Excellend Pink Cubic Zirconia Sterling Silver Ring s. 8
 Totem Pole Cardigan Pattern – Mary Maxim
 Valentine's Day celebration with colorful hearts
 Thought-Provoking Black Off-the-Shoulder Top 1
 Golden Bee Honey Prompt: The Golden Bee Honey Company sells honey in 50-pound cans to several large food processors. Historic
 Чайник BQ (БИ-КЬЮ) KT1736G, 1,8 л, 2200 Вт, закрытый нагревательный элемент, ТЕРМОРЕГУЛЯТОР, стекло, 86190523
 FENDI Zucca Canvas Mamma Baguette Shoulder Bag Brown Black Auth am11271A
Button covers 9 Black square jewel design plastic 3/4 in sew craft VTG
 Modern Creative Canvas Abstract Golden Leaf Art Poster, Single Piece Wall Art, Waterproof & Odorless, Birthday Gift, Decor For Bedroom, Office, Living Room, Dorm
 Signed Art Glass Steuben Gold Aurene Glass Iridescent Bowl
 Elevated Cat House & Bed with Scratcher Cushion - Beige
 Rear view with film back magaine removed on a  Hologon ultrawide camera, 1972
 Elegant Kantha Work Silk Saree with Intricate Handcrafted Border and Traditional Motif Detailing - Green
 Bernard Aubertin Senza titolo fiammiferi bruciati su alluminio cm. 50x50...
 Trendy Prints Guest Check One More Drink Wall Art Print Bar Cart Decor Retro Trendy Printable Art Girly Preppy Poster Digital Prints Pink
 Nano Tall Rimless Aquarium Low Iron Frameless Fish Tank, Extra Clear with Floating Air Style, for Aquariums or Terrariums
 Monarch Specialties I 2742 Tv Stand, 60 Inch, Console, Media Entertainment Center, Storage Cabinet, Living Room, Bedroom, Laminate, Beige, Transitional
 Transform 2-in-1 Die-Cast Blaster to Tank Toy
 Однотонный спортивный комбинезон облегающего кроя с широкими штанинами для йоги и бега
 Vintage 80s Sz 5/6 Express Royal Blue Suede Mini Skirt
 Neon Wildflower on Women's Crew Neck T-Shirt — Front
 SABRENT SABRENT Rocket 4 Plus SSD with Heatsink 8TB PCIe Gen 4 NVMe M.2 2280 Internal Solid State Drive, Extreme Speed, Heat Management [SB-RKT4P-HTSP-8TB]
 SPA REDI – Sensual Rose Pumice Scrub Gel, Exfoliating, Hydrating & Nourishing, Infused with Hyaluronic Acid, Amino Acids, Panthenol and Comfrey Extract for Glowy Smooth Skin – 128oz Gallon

• WHAT THE TASK ASKS: Starting with the first record, copy everything through the final one exactly.

• EXPECTED ANSWER:
Excellend Pink Cubic Zirconia Sterling Silver Ring s. 8
 Totem Pole Cardigan Pattern – Mary Maxim
 Valentine's Day celebration with colorful hearts
 Thought-Provoking Black Off-the-Shoulder Top 1
 Golden Bee Honey Prompt: The Golden Bee Honey Company sells honey in 50-pound cans to several large food processors. Historic
 Чайник BQ (БИ-КЬЮ) KT1736G, 1,8 л, 2200 Вт, закрытый нагревательный элемент, ТЕРМОРЕГУЛЯТОР, стекло, 86190523
 FENDI Zucca Canvas Mamma Baguette Shoulder Bag Brown Black Auth am11271A
Button covers 9 Black square jewel design plastic 3/4 in sew craft VTG
 Modern Creative Canvas Abstract Golden Leaf Art Poster, Single Piece Wall Art, Waterproof & Odorless, Birthday Gift, Decor For Bedroom, Office, Living Room, Dorm
 Signed Art Glass Steuben Gold Aurene Glass Iridescent Bowl
 Elevated Cat House & Bed with Scratcher Cushion - Beige
 Rear view with film back magaine removed on a  Hologon ultrawide camera, 1972
 Elegant Kantha Work Silk Saree with Intricate Handcrafted Border and Traditional Motif Detailing - Green
 Bernard Aubertin Senza titolo fiammiferi bruciati su alluminio cm. 50x50...
 Trendy Prints Guest Check One More Drink Wall Art Print Bar Cart Decor Retro Trendy Printable Art Girly Preppy Poster Digital Prints Pink
 Nano Tall Rimless Aquarium Low Iron Frameless Fish Tank, Extra Clear with Floating Air Style, for Aquariums or Terrariums
 Monarch Specialties I 2742 Tv Stand, 60 Inch, Console, Media Entertainment Center, Storage Cabinet, Living Room, Bedroom, Laminate, Beige, Transitional
 Transform 2-in-1 Die-Cast Blaster to Tank Toy
 Однотонный спортивный комбинезон облегающего кроя с широкими штанинами для йоги и бега
 Vintage 80s Sz 5/6 Express Royal Blue Suede Mini Skirt
 Neon Wildflower on Women's Crew Neck T-Shirt — Front
 SABRENT SABRENT Rocket 4 Plus SSD with Heatsink 8TB PCIe Gen 4 NVMe M.2 2280 Internal Solid State Drive, Extreme Speed, Heat Management [SB-RKT4P-HTSP-8TB]
 SPA REDI – Sensual Rose Pumice Scrub Gel, Exfoliating, Hydrating & Nourishing, Infused with Hyaluronic Acid, Amino Acids, Panthenol and Comfrey Extract for Glowy Smooth Skin – 128oz Gallon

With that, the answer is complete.